Chromatic number is one of the most studied and least understood parameter in graph theory, both from the structural and the algorithmic point of view. Given a 3-colorable graph G on n vertices, but without access to a 3-colouring of it, the best known polynomial algorithm computes a ~n^0.2-colouring. However, there is no theoretical guarantee that n^0.2 is best here — for all we know it could be replaced with log n.

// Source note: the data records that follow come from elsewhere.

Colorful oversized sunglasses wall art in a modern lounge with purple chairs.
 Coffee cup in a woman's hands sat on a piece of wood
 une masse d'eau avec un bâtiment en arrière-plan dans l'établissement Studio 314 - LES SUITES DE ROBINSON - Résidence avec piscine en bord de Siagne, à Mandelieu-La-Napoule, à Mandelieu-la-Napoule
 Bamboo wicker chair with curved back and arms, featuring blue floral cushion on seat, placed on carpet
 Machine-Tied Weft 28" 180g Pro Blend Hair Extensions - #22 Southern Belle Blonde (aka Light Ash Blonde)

This algorithmic failure reflects the (structural) fact that graphs with high chromatic number can be extremely simple on a small scale — for example, they can “look like a tree” around every vertex. To construct such objects, Erdős developed the so-called probabilistic method, which proved to be useful for a wide range of graph-theoretic problems. However, the difficulty (and beauty) of chromatic number is that constructions of locally simple/globally hard graphs also arise from other areas: for instance the Borsuk-Ulam theorem directly provides graphs with high chromatic number in which all small subgraphs are bipartite (2-colorable).

This question “What makes the chromatic number large?” has several starkly different answers and seems to be very difficult. Ideally, we would like to tie this elusive parameter to other tamer parameters, like the maximum degree, even to some that are still hard to compute but present a local structure, like the maximum size of a clique (clique number). This is impossible in general, but we investigate specific graph classes, such as perfect graphs or minor closed classes (e.g. planar), where it can be tied to a parameter or another.

In this course, we will keep an eye on both structural results and (sometimes!) efficient algorithms.